I picked up the same one for mine. I have one for the pop up camper and never had a problem with it. It was as clean as when I had covered it. The material breaths well so the moisture escapes well. The pop up was 12 years old when we bought it, so I don't know how much the corners were scuffed by the cover, but I didn't notice anything new when I checked it out in the spring.

Paul


----------



## BigBadBrain (Aug 26, 2004)

Mike,
Do you do anything special for tying it down?


----------



## camping479 (Aug 27, 2003)

Brian,

I don't really do anything special to tie it down. The cover comes with straps that go underneath the trailer to hold it on. There are also grommets on the front and back that I run a rope thru to tighten up the cover a bit.
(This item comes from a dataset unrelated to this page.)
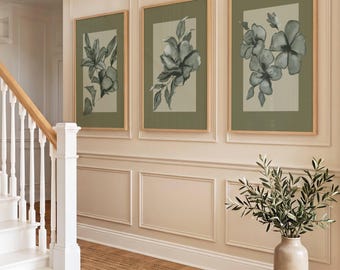May include: A set of three rectangular wall art prints featuring dark green botanical illustrations of flowers and leaves on a light beige background, each enclosed in a light wood frame and displayed in a vertical orientation on a paneled wall.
Don't want the cover too tight, as it will rip, a little billowing in the wind is fine. The straps underneath do a good job of holding it in place.

The cover I have is made for a taller trailer, so it does drag on the ground and was wearing out the bottom edge. What I did was to use some old spring clamps I had to bunch up the fabric and hold it off the ground.

Mike


----------



## BigBadBrain (Aug 26, 2004)

Sounds easy enough. Hard to manipulate into place? I'm guessing a step ladder and a couple of helpers? Definitely sounds like a good thing to do on a calm dry day.


----------



## NDJollyMon (Aug 22, 2003)

They shink wrap the boats up here too.


----------



## camping479 (Aug 27, 2003)

A couple of helpers on ladders should do the trick, it rolls up somewhat compact so you can get it up there.

I do mine by myself, I climb on the roof, unroll it, unfold it, throw the sides over the edge, climb down, pull it into place and connect the straps, takes me about 10-15 minutes.

I know you're not supposed to climb on the roof, but I'm pretty light, I stay away from the front where it's really flimsy and try to step on the roof trusses or edges. Haven't heard any cracking noises up there yet







If you're not comfortable doing that, you can do it from a ladder with some help.

Mike


----------



## BigBadBrain (Aug 26, 2004)

The Big in BigBadBrain is literal. If I even thought about climbing up there it would creak. Here is a bridge that I made suffer (that's my son in front of me - "gee Dad, the bridge REALLY bounces with you on it!").
















Still, it sounds like it should be manageable. Might need to borrow another ladder though (I've been thinking about buying a new 10 ft step ladder anyway).

Thanks!


----------



## camping479 (Aug 27, 2003)

Would take about 2 of me to equal you brain!!!!!







5' 9" and scrawny pretty much describes me







I'll take you on my side anytime. I'd definitely stay off the roof if I were you though
















Mike


----------